DATA SECTION

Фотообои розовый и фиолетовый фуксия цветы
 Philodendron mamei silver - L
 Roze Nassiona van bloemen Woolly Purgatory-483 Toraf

TASK PROMPT
Write out again, unchanged, every line from the line containing "Philodendron mamei silver - L" to the final line of the material above.

RESULT OF THIS EXERCISE
 Philodendron mamei silver - L
 Roze Nassiona van bloemen Woolly Purgatory-483 Toraf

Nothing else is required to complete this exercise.